++++ Materials provided

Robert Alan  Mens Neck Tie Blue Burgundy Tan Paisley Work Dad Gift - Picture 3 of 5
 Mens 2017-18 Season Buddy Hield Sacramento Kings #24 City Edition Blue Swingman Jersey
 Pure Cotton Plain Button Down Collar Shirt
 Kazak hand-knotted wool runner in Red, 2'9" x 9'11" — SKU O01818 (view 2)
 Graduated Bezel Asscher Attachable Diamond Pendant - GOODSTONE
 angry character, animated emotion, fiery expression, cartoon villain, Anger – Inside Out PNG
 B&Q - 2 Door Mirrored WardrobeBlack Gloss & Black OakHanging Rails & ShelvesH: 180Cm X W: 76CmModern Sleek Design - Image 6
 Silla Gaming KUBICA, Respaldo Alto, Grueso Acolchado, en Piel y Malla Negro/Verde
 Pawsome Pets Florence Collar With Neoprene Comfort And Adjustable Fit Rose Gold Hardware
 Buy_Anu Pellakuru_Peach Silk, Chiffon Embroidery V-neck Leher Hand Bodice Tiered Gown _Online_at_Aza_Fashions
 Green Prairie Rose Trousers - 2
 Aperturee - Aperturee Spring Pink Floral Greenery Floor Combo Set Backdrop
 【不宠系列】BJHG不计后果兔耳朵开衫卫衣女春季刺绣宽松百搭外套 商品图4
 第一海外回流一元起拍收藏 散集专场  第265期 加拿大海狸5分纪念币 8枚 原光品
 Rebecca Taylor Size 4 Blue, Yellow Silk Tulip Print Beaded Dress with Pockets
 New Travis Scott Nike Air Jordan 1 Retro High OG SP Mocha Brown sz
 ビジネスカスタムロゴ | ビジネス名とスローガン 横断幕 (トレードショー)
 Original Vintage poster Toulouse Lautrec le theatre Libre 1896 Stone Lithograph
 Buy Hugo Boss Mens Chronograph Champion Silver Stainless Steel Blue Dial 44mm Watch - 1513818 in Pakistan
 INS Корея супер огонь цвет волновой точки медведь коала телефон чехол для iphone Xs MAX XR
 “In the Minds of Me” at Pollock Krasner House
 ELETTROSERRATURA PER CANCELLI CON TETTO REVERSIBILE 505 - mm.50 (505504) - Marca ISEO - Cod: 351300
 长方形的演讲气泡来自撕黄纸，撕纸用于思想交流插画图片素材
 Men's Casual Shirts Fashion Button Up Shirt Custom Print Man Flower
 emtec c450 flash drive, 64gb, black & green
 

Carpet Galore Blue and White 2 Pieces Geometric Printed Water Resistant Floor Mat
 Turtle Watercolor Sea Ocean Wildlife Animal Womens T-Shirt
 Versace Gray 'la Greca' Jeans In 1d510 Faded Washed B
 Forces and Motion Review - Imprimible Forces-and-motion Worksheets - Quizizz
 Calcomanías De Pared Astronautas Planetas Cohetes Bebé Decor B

++++++++

## Work task
Could you write out, unchanged, the line with "Kazak hand-knotted wool" and every line after it in the data above?

## Response to this exercise
 Kazak hand-knotted wool runner in Red, 2'9" x 9'11" — SKU O01818 (view 2)
 Graduated Bezel Asscher Attachable Diamond Pendant - GOODSTONE
 angry character, animated emotion, fiery expression, cartoon villain, Anger – Inside Out PNG
 B&Q - 2 Door Mirrored WardrobeBlack Gloss & Black OakHanging Rails & ShelvesH: 180Cm X W: 76CmModern Sleek Design - Image 6
 Silla Gaming KUBICA, Respaldo Alto, Grueso Acolchado, en Piel y Malla Negro/Verde
 Pawsome Pets Florence Collar With Neoprene Comfort And Adjustable Fit Rose Gold Hardware
 Buy_Anu Pellakuru_Peach Silk, Chiffon Embroidery V-neck Leher Hand Bodice Tiered Gown _Online_at_Aza_Fashions
 Green Prairie Rose Trousers - 2
 Aperturee - Aperturee Spring Pink Floral Greenery Floor Combo Set Backdrop
 【不宠系列】BJHG不计后果兔耳朵开衫卫衣女春季刺绣宽松百搭外套 商品图4
 第一海外回流一元起拍收藏 散集专场  第265期 加拿大海狸5分纪念币 8枚 原光品
 Rebecca Taylor Size 4 Blue, Yellow Silk Tulip Print Beaded Dress with Pockets
 New Travis Scott Nike Air Jordan 1 Retro High OG SP Mocha Brown sz
 ビジネスカスタムロゴ | ビジネス名とスローガン 横断幕 (トレードショー)
 Original Vintage poster Toulouse Lautrec le theatre Libre 1896 Stone Lithograph
 Buy Hugo Boss Mens Chronograph Champion Silver Stainless Steel Blue Dial 44mm Watch - 1513818 in Pakistan
 INS Корея супер огонь цвет волновой точки медведь коала телефон чехол для iphone Xs MAX XR
 “In the Minds of Me” at Pollock Krasner House
 ELETTROSERRATURA PER CANCELLI CON TETTO REVERSIBILE 505 - mm.50 (505504) - Marca ISEO - Cod: 351300
 长方形的演讲气泡来自撕黄纸，撕纸用于思想交流插画图片素材
 Men's Casual Shirts Fashion Button Up Shirt Custom Print Man Flower
 emtec c450 flash drive, 64gb, black & green
 

Carpet Galore Blue and White 2 Pieces Geometric Printed Water Resistant Floor Mat
 Turtle Watercolor Sea Ocean Wildlife Animal Womens T-Shirt
 Versace Gray 'la Greca' Jeans In 1d510 Faded Washed B
 Forces and Motion Review - Imprimible Forces-and-motion Worksheets - Quizizz
 Calcomanías De Pared Astronautas Planetas Cohetes Bebé Decor B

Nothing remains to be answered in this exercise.